=== Section Start ===

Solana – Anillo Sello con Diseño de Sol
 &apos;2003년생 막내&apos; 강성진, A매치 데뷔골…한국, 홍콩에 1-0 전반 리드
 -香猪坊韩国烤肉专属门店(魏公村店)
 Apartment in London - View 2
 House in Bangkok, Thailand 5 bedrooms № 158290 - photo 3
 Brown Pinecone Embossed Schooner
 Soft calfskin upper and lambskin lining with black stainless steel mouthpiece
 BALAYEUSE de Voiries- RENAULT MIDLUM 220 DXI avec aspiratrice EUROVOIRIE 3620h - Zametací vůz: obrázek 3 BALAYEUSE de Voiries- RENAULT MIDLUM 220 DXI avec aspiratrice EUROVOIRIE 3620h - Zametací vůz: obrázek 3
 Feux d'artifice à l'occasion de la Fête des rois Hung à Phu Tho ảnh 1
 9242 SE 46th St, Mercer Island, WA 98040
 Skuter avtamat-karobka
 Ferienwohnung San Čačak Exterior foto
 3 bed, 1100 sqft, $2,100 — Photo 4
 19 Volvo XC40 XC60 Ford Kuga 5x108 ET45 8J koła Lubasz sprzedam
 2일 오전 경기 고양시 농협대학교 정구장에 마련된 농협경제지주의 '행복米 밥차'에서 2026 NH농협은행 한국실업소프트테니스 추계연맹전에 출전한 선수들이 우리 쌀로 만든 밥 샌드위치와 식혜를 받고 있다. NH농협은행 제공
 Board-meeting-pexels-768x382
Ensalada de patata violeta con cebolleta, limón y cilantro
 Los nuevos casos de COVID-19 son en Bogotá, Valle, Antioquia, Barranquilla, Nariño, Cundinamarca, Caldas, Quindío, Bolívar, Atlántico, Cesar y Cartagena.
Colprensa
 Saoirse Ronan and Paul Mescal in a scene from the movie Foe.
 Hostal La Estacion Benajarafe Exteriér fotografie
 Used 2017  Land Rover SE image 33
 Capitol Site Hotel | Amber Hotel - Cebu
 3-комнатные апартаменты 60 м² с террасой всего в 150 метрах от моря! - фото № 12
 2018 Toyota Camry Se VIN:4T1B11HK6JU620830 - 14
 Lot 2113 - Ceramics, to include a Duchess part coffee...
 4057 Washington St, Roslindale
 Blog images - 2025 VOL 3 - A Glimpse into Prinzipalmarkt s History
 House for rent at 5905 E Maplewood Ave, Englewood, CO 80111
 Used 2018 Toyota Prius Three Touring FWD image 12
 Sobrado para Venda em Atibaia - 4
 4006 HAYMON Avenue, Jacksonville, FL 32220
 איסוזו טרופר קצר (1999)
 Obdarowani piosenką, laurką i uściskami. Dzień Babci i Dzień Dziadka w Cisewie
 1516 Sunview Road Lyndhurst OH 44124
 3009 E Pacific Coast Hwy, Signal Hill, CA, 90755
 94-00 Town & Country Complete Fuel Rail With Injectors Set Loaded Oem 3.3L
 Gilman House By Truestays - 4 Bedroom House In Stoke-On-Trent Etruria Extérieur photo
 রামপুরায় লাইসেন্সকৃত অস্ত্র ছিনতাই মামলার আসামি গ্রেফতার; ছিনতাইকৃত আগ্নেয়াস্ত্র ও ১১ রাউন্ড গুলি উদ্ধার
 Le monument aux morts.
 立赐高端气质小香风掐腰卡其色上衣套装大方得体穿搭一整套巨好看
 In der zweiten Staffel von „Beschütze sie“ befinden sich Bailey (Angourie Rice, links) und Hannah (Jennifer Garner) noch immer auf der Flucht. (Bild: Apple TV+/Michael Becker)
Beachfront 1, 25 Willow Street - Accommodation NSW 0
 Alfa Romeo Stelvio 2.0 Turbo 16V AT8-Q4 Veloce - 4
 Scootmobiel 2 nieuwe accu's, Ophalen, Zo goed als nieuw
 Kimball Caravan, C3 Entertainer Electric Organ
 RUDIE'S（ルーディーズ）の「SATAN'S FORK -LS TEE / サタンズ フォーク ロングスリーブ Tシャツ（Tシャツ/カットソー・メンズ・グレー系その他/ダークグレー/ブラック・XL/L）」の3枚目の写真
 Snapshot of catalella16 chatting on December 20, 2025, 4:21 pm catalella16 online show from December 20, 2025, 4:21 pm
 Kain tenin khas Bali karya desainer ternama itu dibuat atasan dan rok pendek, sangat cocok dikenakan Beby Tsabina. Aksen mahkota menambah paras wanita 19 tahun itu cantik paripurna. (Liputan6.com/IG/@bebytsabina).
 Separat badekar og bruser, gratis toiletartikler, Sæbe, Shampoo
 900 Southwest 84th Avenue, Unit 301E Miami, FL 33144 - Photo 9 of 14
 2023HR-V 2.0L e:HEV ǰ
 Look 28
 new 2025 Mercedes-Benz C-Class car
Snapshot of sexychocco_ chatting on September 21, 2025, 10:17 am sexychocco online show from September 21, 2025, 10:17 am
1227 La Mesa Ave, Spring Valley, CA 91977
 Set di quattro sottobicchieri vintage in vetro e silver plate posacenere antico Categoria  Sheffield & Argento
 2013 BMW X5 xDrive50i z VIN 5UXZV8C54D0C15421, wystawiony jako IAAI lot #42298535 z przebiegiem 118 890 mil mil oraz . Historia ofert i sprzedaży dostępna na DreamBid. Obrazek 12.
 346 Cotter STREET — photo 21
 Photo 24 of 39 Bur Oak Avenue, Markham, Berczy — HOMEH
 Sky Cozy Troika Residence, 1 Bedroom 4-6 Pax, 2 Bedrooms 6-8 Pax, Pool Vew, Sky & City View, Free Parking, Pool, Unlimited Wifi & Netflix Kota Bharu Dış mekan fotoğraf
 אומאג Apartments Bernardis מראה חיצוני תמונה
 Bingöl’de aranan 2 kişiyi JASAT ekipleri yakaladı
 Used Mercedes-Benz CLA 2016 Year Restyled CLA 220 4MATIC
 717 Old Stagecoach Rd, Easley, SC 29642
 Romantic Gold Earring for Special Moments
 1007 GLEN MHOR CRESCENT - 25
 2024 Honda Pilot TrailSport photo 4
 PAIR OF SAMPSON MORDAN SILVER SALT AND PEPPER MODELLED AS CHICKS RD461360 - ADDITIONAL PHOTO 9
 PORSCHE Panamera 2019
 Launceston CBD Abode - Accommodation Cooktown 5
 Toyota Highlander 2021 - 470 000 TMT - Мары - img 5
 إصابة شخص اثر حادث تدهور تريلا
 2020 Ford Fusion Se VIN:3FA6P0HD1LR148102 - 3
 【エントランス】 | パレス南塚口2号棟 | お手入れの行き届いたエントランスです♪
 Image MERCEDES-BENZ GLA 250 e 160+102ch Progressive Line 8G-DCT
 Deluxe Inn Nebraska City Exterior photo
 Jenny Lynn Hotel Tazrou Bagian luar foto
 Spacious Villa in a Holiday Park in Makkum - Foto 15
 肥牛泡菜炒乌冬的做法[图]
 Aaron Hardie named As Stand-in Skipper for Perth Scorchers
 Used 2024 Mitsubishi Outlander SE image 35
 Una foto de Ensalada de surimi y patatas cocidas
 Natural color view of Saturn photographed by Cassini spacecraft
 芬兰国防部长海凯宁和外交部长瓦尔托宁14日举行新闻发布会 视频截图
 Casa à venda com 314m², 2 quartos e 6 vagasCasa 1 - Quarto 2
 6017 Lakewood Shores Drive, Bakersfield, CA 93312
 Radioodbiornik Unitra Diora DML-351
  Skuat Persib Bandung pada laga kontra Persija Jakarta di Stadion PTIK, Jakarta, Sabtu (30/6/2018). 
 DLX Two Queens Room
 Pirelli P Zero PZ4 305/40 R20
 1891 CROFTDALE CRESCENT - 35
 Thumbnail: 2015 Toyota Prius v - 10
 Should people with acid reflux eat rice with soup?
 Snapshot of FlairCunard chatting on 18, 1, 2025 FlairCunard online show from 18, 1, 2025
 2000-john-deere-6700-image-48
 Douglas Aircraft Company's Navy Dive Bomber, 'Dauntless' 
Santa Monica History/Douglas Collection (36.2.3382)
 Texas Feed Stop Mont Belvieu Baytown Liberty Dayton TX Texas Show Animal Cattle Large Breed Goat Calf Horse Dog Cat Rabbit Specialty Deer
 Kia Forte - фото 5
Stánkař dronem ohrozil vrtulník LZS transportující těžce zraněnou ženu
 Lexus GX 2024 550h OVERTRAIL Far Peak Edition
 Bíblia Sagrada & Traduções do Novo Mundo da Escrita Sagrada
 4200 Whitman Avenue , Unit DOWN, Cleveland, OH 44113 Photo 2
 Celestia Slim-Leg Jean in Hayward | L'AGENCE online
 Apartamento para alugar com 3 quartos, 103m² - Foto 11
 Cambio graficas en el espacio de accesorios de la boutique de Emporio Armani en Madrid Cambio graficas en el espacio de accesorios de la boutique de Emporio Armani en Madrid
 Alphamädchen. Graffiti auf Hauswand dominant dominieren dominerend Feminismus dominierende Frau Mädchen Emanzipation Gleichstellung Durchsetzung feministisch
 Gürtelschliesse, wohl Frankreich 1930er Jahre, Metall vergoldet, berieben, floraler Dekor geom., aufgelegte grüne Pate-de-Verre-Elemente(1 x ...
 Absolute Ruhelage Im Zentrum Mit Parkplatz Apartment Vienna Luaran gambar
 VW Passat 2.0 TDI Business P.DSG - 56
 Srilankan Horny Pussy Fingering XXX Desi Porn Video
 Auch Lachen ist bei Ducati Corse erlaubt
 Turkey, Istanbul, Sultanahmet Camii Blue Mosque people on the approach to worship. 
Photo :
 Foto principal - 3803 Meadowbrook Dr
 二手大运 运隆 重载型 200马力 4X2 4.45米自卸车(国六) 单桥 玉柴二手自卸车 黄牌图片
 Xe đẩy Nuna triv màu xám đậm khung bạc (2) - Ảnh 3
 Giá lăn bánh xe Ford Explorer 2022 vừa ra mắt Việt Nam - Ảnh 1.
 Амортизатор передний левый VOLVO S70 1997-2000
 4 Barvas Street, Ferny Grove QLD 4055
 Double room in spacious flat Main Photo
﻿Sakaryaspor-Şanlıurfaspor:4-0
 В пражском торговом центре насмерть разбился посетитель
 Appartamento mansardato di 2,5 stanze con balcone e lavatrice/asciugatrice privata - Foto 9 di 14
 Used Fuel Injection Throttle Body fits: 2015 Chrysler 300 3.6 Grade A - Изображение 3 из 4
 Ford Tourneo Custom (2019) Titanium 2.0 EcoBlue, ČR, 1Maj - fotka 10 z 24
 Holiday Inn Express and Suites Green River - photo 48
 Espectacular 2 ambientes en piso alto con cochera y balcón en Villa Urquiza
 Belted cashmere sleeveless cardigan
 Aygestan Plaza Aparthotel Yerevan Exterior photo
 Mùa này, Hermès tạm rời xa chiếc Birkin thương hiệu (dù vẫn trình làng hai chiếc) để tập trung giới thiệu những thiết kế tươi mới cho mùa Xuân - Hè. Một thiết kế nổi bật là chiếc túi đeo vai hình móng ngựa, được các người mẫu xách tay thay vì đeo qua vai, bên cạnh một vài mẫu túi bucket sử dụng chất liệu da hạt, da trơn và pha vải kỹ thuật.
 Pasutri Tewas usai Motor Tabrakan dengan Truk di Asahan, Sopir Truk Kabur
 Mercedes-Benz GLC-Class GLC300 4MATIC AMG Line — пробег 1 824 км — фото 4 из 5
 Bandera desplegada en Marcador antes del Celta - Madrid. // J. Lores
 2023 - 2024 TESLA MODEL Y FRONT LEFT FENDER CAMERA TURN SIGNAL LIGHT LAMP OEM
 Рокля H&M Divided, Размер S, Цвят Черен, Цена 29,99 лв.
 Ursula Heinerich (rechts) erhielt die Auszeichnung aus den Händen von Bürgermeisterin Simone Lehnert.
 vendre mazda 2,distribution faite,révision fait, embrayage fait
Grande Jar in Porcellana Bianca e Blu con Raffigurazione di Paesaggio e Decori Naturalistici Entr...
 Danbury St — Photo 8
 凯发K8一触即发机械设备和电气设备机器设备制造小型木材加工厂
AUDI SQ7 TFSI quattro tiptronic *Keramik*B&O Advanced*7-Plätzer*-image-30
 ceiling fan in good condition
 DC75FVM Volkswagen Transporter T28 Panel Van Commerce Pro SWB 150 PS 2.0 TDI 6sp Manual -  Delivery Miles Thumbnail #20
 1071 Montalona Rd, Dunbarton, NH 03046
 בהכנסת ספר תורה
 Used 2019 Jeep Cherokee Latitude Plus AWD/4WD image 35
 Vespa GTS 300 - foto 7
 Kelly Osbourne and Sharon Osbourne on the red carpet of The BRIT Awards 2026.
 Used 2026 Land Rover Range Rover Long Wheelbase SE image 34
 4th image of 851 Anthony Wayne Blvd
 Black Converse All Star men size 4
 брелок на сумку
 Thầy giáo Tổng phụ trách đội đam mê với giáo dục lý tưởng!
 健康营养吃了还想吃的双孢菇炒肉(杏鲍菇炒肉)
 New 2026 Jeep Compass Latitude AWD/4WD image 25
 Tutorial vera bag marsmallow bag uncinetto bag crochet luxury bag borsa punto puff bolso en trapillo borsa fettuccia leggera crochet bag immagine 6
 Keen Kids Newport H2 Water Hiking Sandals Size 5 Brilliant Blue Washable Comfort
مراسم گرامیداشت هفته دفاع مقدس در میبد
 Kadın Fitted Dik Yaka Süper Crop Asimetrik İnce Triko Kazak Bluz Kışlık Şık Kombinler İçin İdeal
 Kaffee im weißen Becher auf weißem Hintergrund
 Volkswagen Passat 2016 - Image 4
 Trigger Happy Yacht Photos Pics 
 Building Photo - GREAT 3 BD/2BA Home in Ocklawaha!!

=== Section End ===

-- WHAT TO WORK ON --
The lines holding the word "chatting" are the answer. Pull them out of the records and copy them.

-- SOLUTION FOR THIS PROBLEM --
 Snapshot of catalella16 chatting on December 20, 2025, 4:21 pm catalella16 online show from December 20, 2025, 4:21 pm
Snapshot of sexychocco_ chatting on September 21, 2025, 10:17 am sexychocco online show from September 21, 2025, 10:17 am
 Snapshot of FlairCunard chatting on 18, 1, 2025 FlairCunard online show from 18, 1, 2025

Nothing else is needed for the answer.